Reuters Investigation Sheds New Light on Russian Engine Deal

Michal Gass, Former President and CEO of United Launch Alliance

Following up on questions posed in a letter by U.S. Senator John McCain to the US Air Force chief of acquisitions, Reuters has been looking closer into the United Launch Alliance RD-180 issue, and the mysterious five person company RD-Amross, which serves as the Russian rocket engine’s US importer. It is a long and somewhat complicated piece to follow, but here are a few of the highlights.

From the Reuters Special Report:

“According to internal company documents that lay out the contract, Amross stands to collect $93 million in cost mark-ups under its current multi-year deal to supply the RD-180 rocket engine.

Those charges are being added to the program despite a 2011 Pentagon audit that contested a similar, earlier contract with Amross. That deal would have allowed Amross to receive about $80 million in “profit” mark-ups and overhead expenses on RD-180 engines, government documents show.

The confidential report of the 2011 audit described the mark-ups and additional charges as improper under U.S. contracting law. Amross, the auditors concluded, was a middleman that did “no or negligible” work. The audit characterized the $80 million in added costs as “unallowable excessive pass-through charges.”
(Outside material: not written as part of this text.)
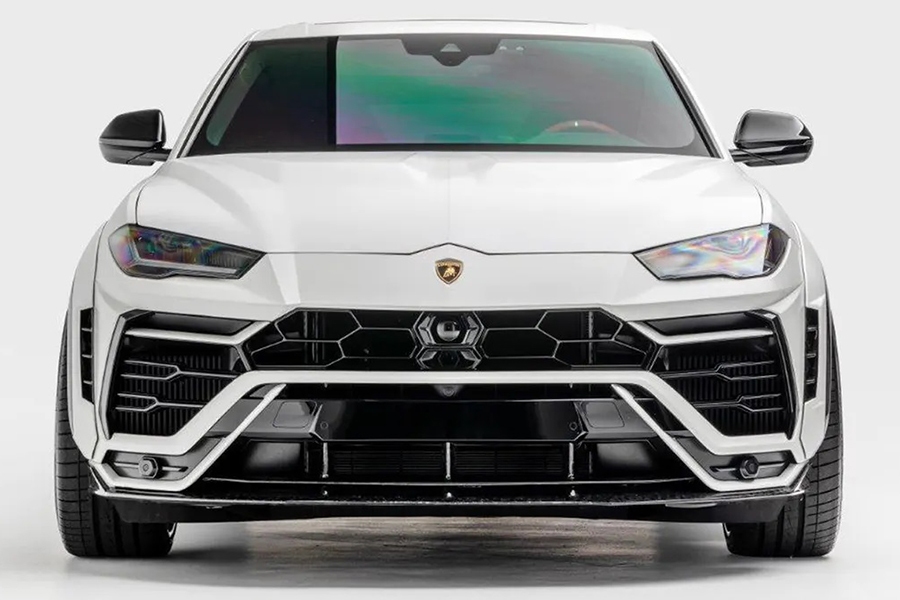 Lamborghini Urus front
What is equally troubling about the pass through charges is that no-one can say where they went, although the story leaves the strong impression that the ultimate beneficiaries are some of the same people being sanctioned by the US government over Russia’s invasion of the Crimea.

One, as outlined in the SpaceX lawsuit against the ULA block buy is Russian space minister Dmitry Rogozin. While a federal judge lifted a temporary restraining order against further RD-180 imports on the basis that the Obama Administration had made no positive determination of Rogozin deriving a direct benefit from such sales, a second person who was sanctioned is closely connected as well.

Again, from the story:

“That man, billionaire businessman Yuri Kovalchuk, is one of Putin’s oldest friends. In March, he too was sanctioned over Ukraine. The U.S. Treasury cited his close ties to Putin, describing Kovalchuk as the Russian president’s “personal banker.”
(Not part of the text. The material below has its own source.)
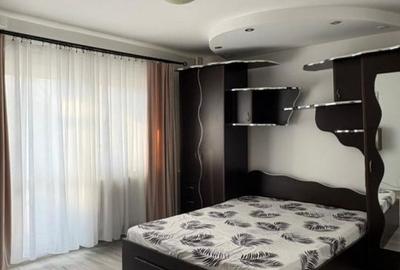 Apartament cu 3 camere semidecomandat, mobilat în Uverturii - 4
In October 2010, Kovalchuk took partial control over Energomash (half owner of RD-Amross) when Putin ordered that the business be placed under the oversight of another state-owned space company, RSC Energia. Through an asset management firm that he controlled until this spring, Kovalchuk had control of a minority stake in Energia.
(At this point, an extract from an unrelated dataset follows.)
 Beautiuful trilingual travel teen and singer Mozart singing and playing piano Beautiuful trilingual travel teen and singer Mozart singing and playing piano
With the support of the Russian space agency, Kovalchuk thus became a key player in both Energia and Energomash, according to a senior manager at Energia. The billionaire’s brother served as chairman of Energia from 2011 to 2013. Kovalchuk’s role at Energomash hasn’t been previously reported.”

But was there corruption involved? Decide for yourself.


“According to unpublished records of Russia’s federal Audit Board, Energomash made a $50 million loss from the engine sales to the United States from 2008 through 2010. The shortfalls were the result of mismanagement by unnamed former executives who sold the engines to Amross for less than their production cost, the auditors estimated.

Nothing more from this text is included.